Nel successivo Comunicato numero 10 – ascesa alla Seconda Serie – troviamo i nomi del giavellottista Giovanni Lievore, poco più di 56 metri l’anno prima, primo italiano a bucare il prato oltre la linea degli 80 metri; dei velocisti Sergio D’Asnasch, Giovanni Ghiselli e Guido De Murtas, tutti uomini veloci che diedero tanto come componenti delle staffette 4x100 azzurre negli anni a venire; del non ancora ventenne fiorentino Piero Massai, che con Enzo Rossi e Sandro Giovannelli comporrà la «triade» tecnica federale negli anni ’80, lui al settore giovanile, e che fu arbitro di pallacanestro fra i più stimati a livello internazionale; di Massimo Massara, marciatore e poi apprezzato giornalista politico in testate nazionali; del gigante toscano Silvano Meconi, che portò il primato nazionale del peso da meno 16 a ridosso dei 19 metri; dei fratelli Giovanni e Abdon Pamich, ed è come dire l’Olimpo della marcia; di Paola Paternoster, poi pluriprimatista e campionessa nazionale; dell’altro marciatore Stefano Serchinich, lunga e onorata carriera. Ripetiamo: solo una selezione.

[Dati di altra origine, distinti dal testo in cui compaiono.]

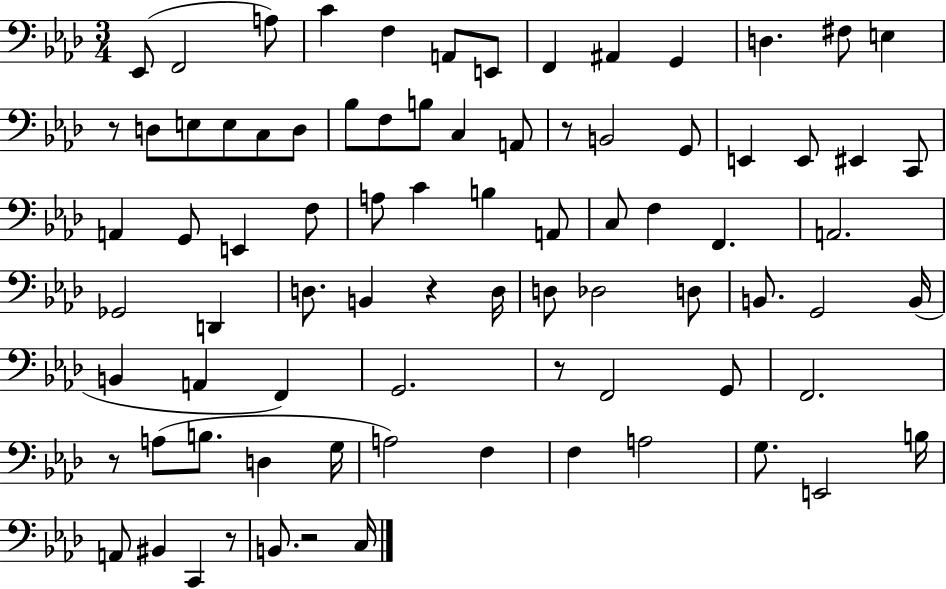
{
  \clef bass
  \numericTimeSignature
  \time 3/4
  \key aes \major
  ees,8( f,2 a8) | c'4 f4 a,8 e,8 | f,4 ais,4 g,4 | d4. fis8 e4 | \break r8 d8 e8 e8 c8 d8 | bes8 f8 b8 c4 a,8 | r8 b,2 g,8 | e,4 e,8 eis,4 c,8 | \break a,4 g,8 e,4 f8 | a8 c'4 b4 a,8 | c8 f4 f,4. | a,2. | \break ges,2 d,4 | d8. b,4 r4 d16 | d8 des2 d8 | b,8. g,2 b,16( | \break b,4 a,4 f,4) | g,2. | r8 f,2 g,8 | f,2. | \break r8 a8( b8. d4 g16 | a2) f4 | f4 a2 | g8. e,2 b16 | \break a,8 bis,4 c,4 r8 | b,8. r2 c16 | \bar "|."
} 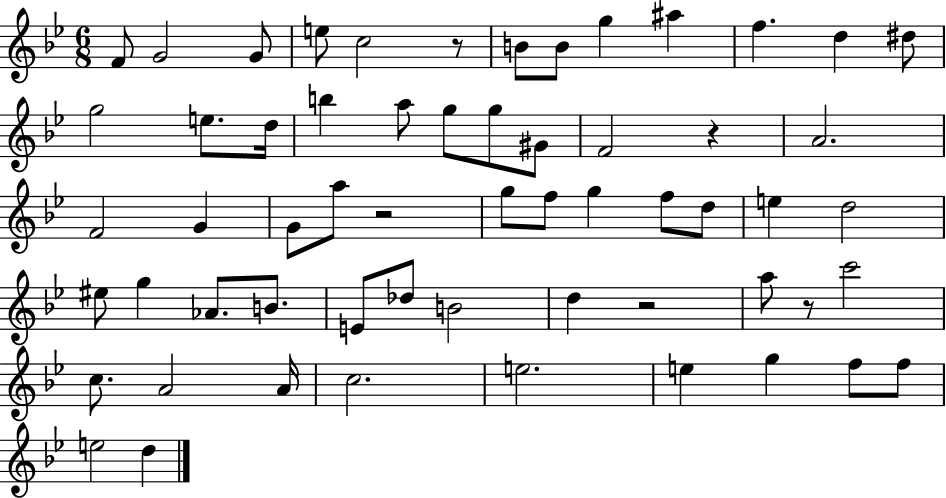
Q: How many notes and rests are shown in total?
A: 59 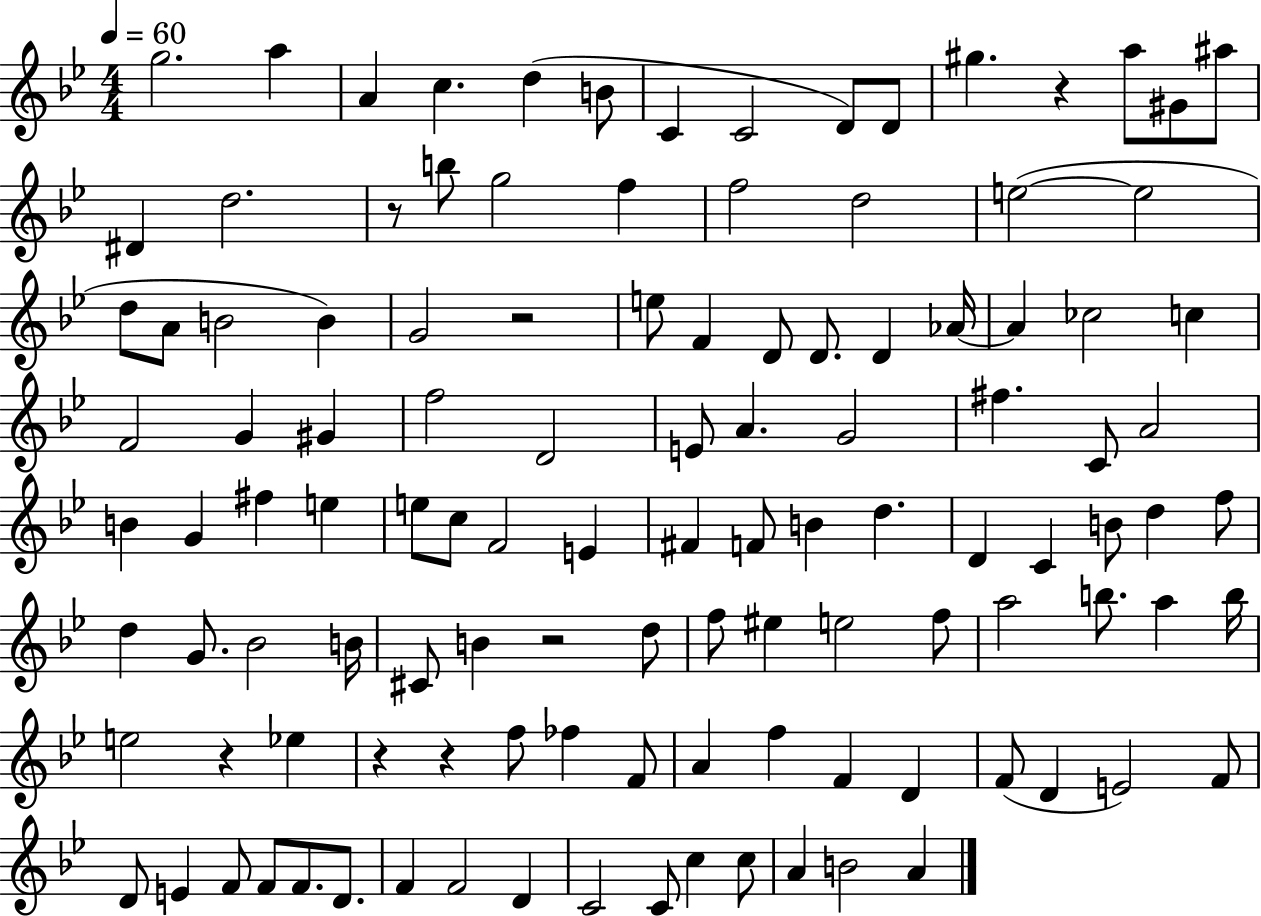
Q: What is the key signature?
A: BES major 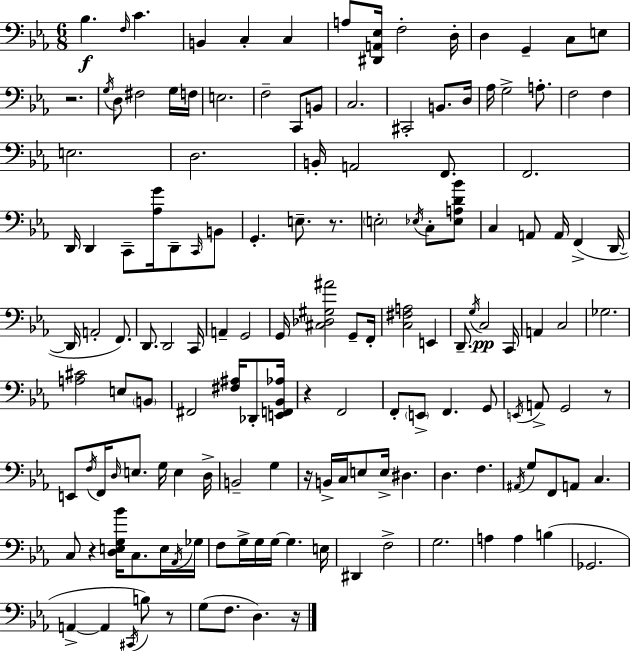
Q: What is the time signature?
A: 6/8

Giriamo pagina: la quarta. Sapete quali erano le città con il maggior numero di Gruppi sportivi scolastici? Napoli 90, Roma 88, Torino 71, Milano 67, la più scarsa Aosta con soli 5; le scuole statali ne avevano 1.358, quelle non statali 570. Che facessero davvero tutte attività è un altro paio di maniche. Comunque lo sport scolastico fu il grande, inesauribile serbatoio dello sport italiano per quasi due decenni.